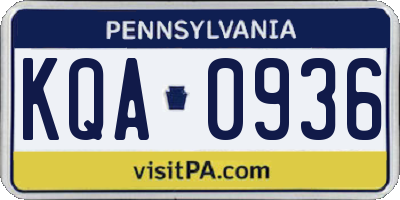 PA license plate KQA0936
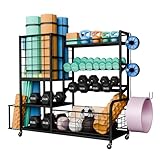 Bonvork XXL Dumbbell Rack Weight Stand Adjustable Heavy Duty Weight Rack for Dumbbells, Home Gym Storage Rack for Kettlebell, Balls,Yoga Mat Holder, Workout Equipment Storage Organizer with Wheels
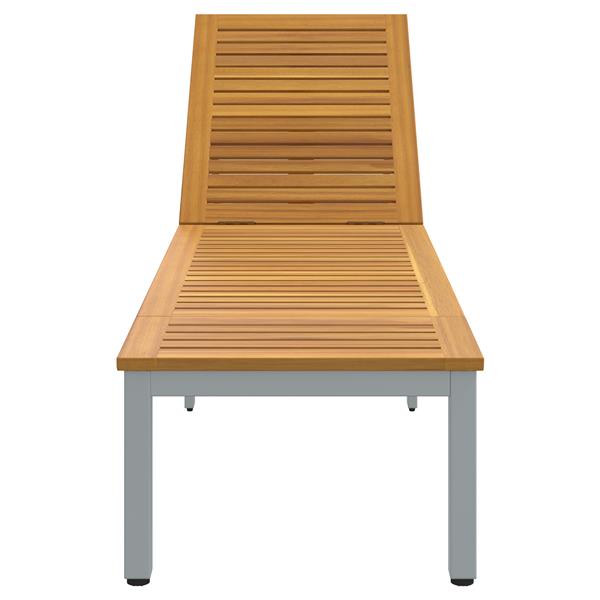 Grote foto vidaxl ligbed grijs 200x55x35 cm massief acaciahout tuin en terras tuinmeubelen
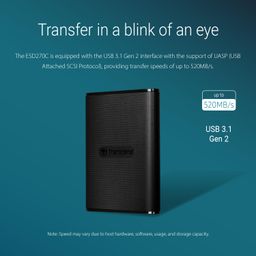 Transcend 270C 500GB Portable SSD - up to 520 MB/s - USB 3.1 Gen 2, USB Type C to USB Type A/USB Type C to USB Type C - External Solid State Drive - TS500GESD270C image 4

################

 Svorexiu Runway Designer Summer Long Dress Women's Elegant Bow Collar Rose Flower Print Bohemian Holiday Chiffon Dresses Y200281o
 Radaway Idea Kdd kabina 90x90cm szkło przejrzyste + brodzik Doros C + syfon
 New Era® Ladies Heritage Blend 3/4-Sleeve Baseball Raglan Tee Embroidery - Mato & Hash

################

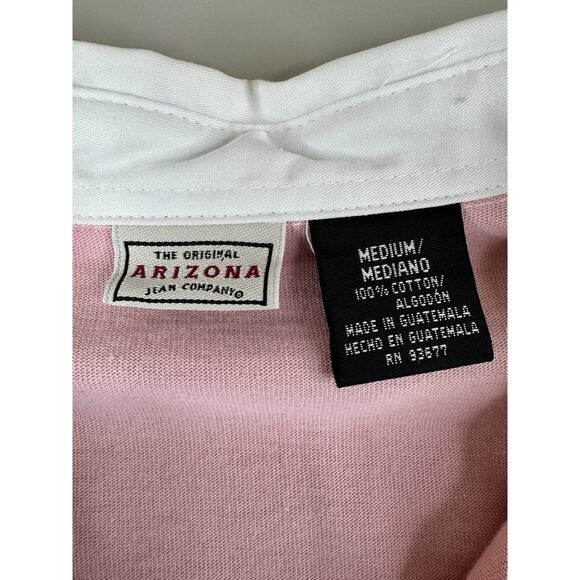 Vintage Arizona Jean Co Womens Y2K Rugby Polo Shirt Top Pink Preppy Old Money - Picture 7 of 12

################

== PROBLEM REQUIREMENTS ==
Taking the entries above, print exactly the lines starting at the line with "Svorexiu Runway Designer" and ending at the line with "New Era® Ladies", both included.

== SOLUTION TO THE PROBLEM ==
 Svorexiu Runway Designer Summer Long Dress Women's Elegant Bow Collar Rose Flower Print Bohemian Holiday Chiffon Dresses Y200281o
 Radaway Idea Kdd kabina 90x90cm szkło przejrzyste + brodzik Doros C + syfon
 New Era® Ladies Heritage Blend 3/4-Sleeve Baseball Raglan Tee Embroidery - Mato & Hash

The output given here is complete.